Remember Danny Haszard?
His father was J.F.Rutherford's chauffeur. He told stories of being sent to fetch barrels of whiskey from Canada by car.
First hand report by the guy who got the whiskey is pretty good proof.
Didn't Covington acknowledge that he and Rutherford enjoyed drinking together.
Wasn't Covington eventually Df'd for drunkeness under Knorr?

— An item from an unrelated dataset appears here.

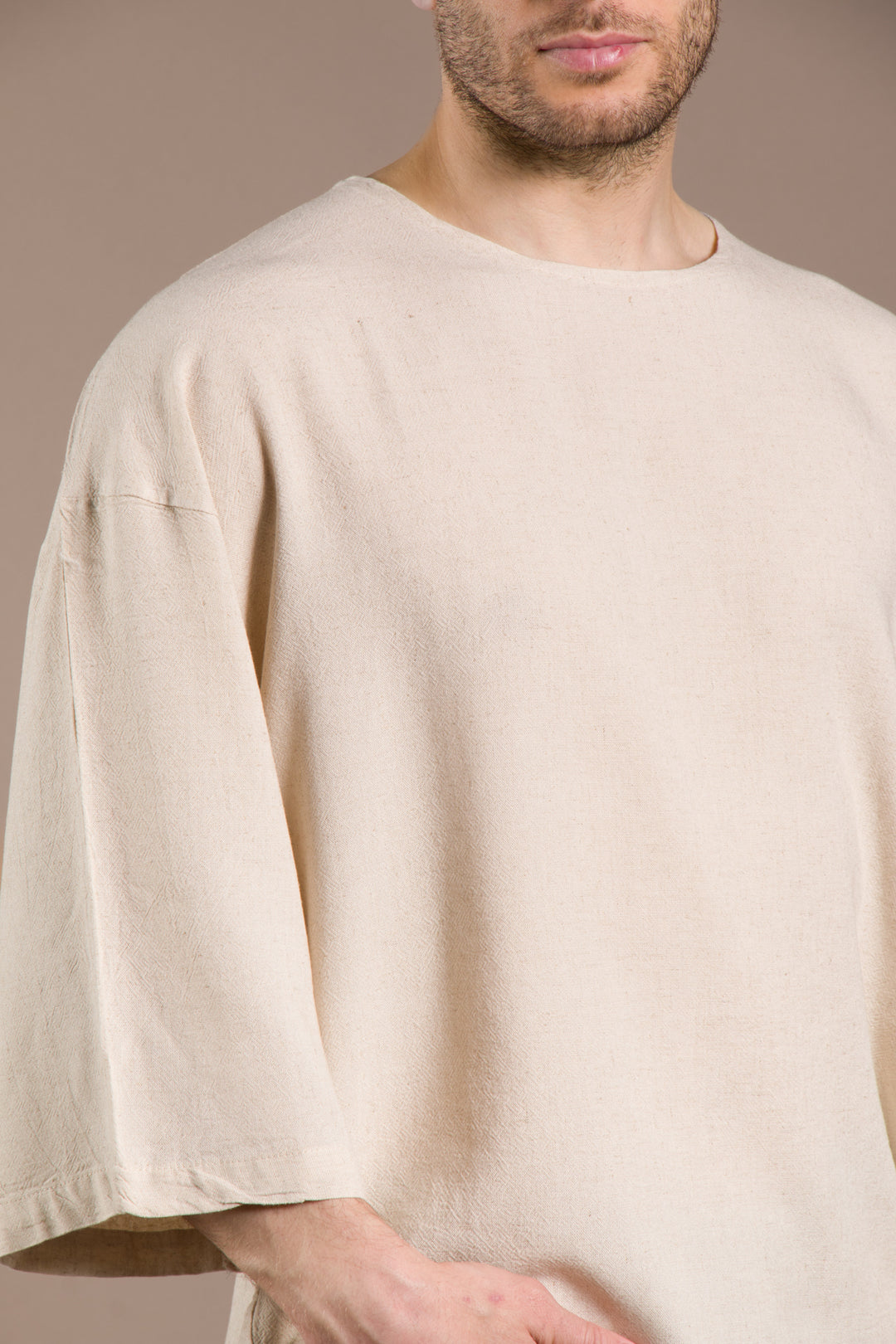 Oversize Viskon Fakir Kol T-Shirt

great documentation Leolaia, thankyou very much
now to look up Danny haszard...
Does anyone have the link on this website that gave info on Rutherford's death that his hands had chew marks from rats?
You might find this thread interesting too.
About age 70, he went through several medical treatments for intestinal cancer. He went through more than one operation in 1941, but never fully recovered. He died in San Diego, California on January 8th, 1942 at the age of 72. His funeral was attended by four people, none of whom were related to him. The official coroner's records on file with the State of California state that he had been dead for several days before being discovered at the bottom of a stairwell, and that when found rat bites were observed on his face and hands.
I am sure that I am not the only one that would like to see this coroner's report. Has anyone tried to get a copy? I only have a scan of his death cert., which has no mention of this.